[Data for this exercise]:
__________
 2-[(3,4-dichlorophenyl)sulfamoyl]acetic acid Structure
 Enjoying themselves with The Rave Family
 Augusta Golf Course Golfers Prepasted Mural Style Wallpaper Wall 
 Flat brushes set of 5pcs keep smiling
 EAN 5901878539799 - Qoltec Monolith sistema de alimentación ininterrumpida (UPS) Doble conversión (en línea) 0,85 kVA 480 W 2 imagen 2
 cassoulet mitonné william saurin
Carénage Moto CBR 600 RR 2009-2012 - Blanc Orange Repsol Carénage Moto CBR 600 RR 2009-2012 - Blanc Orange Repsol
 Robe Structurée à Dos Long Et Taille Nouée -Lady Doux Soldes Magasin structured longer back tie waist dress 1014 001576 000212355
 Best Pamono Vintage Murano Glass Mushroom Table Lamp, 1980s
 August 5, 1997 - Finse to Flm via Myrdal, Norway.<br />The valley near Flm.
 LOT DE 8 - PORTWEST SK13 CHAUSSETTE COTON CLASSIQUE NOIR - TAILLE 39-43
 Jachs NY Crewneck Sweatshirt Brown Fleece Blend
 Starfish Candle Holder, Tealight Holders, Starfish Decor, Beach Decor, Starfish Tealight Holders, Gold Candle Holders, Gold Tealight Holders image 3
__________
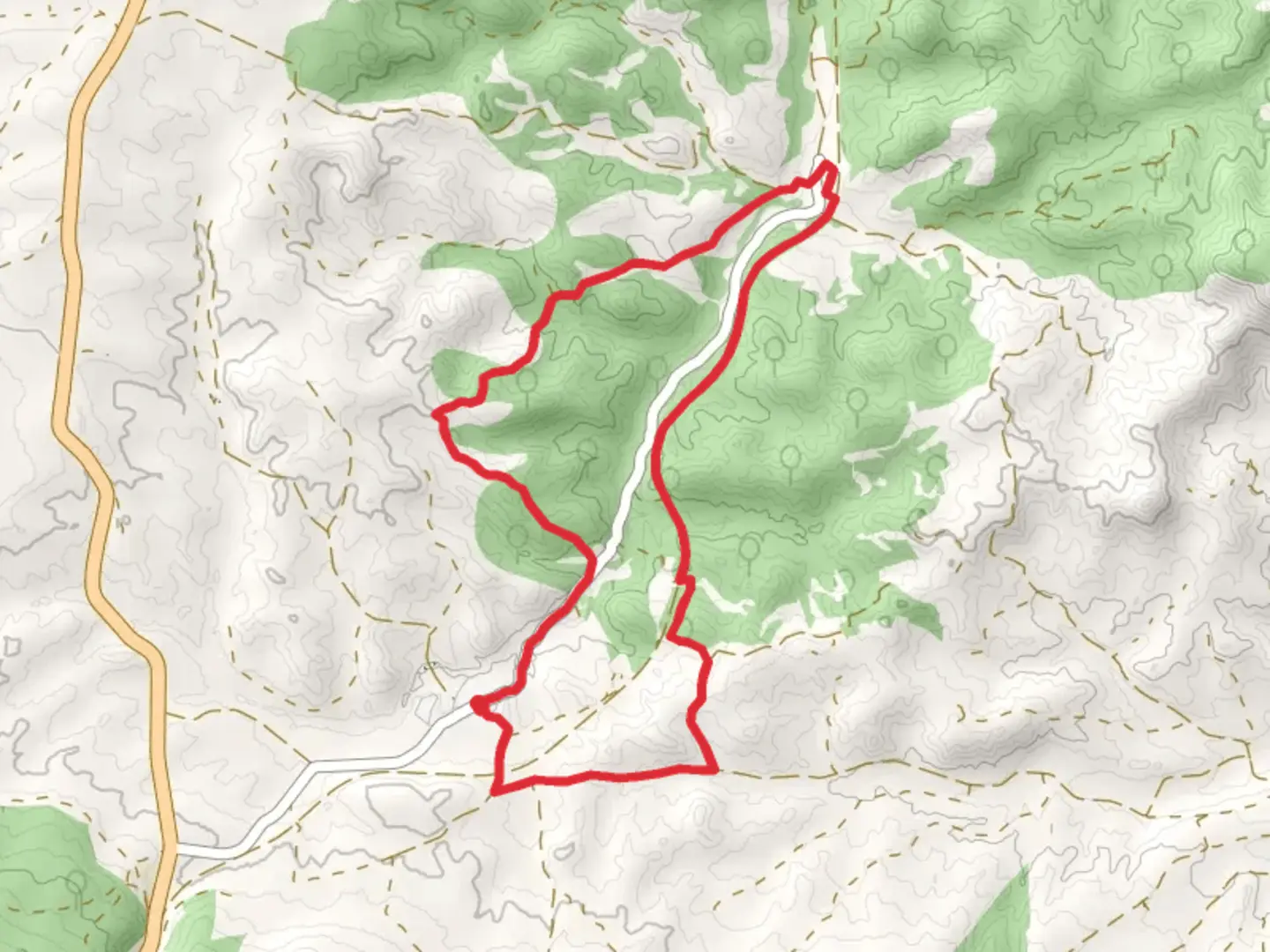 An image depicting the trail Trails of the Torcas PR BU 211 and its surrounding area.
__________
[Task directions]:
Every line above from the line with "Augusta Golf Course" to the line with "Starfish Candle Holder, Tealight", inclusive, must be returned exactly; no other line belongs in the reply.

[Reply to the exercise]:
 Augusta Golf Course Golfers Prepasted Mural Style Wallpaper Wall 
 Flat brushes set of 5pcs keep smiling
 EAN 5901878539799 - Qoltec Monolith sistema de alimentación ininterrumpida (UPS) Doble conversión (en línea) 0,85 kVA 480 W 2 imagen 2
 cassoulet mitonné william saurin
Carénage Moto CBR 600 RR 2009-2012 - Blanc Orange Repsol Carénage Moto CBR 600 RR 2009-2012 - Blanc Orange Repsol
 Robe Structurée à Dos Long Et Taille Nouée -Lady Doux Soldes Magasin structured longer back tie waist dress 1014 001576 000212355
 Best Pamono Vintage Murano Glass Mushroom Table Lamp, 1980s
 August 5, 1997 - Finse to Flm via Myrdal, Norway.<br />The valley near Flm.
 LOT DE 8 - PORTWEST SK13 CHAUSSETTE COTON CLASSIQUE NOIR - TAILLE 39-43
 Jachs NY Crewneck Sweatshirt Brown Fleece Blend
 Starfish Candle Holder, Tealight Holders, Starfish Decor, Beach Decor, Starfish Tealight Holders, Gold Candle Holders, Gold Tealight Holders image 3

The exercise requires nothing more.